Microsoft hates the competition from open source. Microsoft loves the benefits of open source. Microsoft wants the customers who like open source. Microsoft doesn't want to let any of its intellectual property turn into open source.

What is it with Microsoft and open source? It's not so complicated. Microsoft hates the competition from open source. Microsoft loves the benefits of open source. Microsoft wants the customers who like open source. Microsoft doesn't want to let any of its intellectual property turn into open source.

An impossible-to-resolve set of contradictions? Not to Microsoft.

Sure, Microsoft people have spent the past couple of months saying nasty things about open-source software in general and Linux in particular. Open source is "an intellectual property destroyer," says Jim Allchin, Microsoft's vice president for platforms. Beating Linux "really is job one for us," says Microsoft CEO Steve Ballmer.

So what is Microsoft doing now? Letting lots of people eyeball its source code to find bugs — just like open-source developers do — and promising .Net support for Linux, the open-source standard bearer.

Is it a scam? A trick? Is Microsoft trying to pollute the purity of the open-source movement? Oh, maybe. What's more likely is that Microsoft, having spent its requisite time hissing and spitting at something new, is now proceeding to do "open source" the Microsoft way.

That means rubbing up against open source just enough to get some benefits, but never losing any control of Microsoft's intellectual property. For example, the large customers in Microsoft's "open-source" programme will be able to look at some Windows source code, but they're prohibited from making any changes. They can report bugs and figure out work-arounds, but that's it.

And though Microsoft says it will officially announce Linux .Net support this week, don't expect it to come in the form of open-source software. No cost to download, maybe; open, no.

That's what it comes down to, despite all the gasifying we'll hear over the next few months from pundits, open-source advocates, Microsoft allies and the rest of the usual suspects. No, Microsoft isn't jumping on the open-source bandwagon. It's just hoping to follow the parade all the way to the bank.

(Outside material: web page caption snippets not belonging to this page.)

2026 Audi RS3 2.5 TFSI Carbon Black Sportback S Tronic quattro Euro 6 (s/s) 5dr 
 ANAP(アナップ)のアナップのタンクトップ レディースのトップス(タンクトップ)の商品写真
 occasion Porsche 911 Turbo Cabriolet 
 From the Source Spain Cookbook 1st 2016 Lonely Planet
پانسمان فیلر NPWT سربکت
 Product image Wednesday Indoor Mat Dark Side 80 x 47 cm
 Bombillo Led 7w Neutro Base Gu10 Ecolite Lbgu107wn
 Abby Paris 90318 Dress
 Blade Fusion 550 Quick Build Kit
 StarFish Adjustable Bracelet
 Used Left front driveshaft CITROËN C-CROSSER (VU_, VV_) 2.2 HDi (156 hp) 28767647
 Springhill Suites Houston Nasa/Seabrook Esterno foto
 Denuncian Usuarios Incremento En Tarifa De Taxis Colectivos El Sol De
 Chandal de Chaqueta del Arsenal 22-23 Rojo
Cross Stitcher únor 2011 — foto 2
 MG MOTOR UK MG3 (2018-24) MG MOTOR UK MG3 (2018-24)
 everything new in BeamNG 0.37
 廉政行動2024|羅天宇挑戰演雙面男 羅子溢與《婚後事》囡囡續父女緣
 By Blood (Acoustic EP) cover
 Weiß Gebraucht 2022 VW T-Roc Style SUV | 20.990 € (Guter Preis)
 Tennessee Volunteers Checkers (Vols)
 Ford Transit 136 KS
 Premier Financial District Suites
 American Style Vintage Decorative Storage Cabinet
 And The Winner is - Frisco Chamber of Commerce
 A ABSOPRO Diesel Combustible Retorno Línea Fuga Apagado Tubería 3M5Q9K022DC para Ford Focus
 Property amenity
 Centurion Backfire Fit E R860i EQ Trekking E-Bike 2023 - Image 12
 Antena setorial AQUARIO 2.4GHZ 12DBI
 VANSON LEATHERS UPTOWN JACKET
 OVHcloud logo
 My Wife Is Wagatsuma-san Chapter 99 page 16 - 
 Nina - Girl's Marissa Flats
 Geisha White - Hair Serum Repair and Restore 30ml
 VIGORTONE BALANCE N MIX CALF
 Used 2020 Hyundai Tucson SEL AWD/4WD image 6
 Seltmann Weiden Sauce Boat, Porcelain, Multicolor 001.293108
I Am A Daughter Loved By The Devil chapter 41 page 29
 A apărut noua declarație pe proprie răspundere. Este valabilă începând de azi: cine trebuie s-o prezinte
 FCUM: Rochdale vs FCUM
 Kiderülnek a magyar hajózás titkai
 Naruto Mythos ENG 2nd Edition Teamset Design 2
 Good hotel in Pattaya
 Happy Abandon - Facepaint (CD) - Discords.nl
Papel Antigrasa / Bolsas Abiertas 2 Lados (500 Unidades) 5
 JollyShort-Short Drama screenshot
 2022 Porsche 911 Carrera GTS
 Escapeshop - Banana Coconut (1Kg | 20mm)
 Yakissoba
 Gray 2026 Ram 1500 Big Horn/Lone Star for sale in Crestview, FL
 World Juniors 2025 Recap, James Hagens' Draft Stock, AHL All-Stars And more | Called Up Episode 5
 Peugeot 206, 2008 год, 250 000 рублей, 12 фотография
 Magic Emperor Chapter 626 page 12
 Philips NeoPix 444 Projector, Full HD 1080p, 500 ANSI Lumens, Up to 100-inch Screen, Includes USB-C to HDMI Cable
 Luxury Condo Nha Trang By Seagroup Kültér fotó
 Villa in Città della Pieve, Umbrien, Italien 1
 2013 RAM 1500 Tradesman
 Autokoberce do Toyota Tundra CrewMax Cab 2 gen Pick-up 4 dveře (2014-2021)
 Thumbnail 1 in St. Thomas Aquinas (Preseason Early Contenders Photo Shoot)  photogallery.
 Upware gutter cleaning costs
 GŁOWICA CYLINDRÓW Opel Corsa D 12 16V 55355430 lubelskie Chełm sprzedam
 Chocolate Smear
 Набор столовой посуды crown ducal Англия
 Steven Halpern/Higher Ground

What's wrong with that? Nothing — as long as nobody gets the wrong idea. It's still business as usual for Microsoft — with a few open-sourceish bits grafted on.

And for big corporate IT shops, that's not such a bad thing. It might even be good news if you want to experiment with .Net applications or join the chosen few who get to see the Windows 2000 source code. If it means you can dodge some shaky function calls or choose your platform for applications, so much the better.

Just remember what it won't mean. This isn't open source — it's "open source".

So you can't count on your business partners being part of the programme, and you can't share what you know about the code with anyone but Microsoft. For example, in joint applications, you can work around problems — but you can't explain the work-arounds to your partners.

You can't count on Microsoft acting on any bugs you find. Microsoft says bug reports will be handled the same way as always.

You can't count on the source code programme to continue. Microsoft has a history of cutting off source code availability when it no longer suits Microsoft's purposes.

And of course, you can't count on Microsoft's .Net Linux support to do everything the Windows version does — or everything you'd want it to do.

What you can count on is that Microsoft isn't really confused about open source.

Microsoft believes that giving customers a peek at source code and connecting with Linux is a way of selling more software.

And open source or "open source," that's the Microsoft way.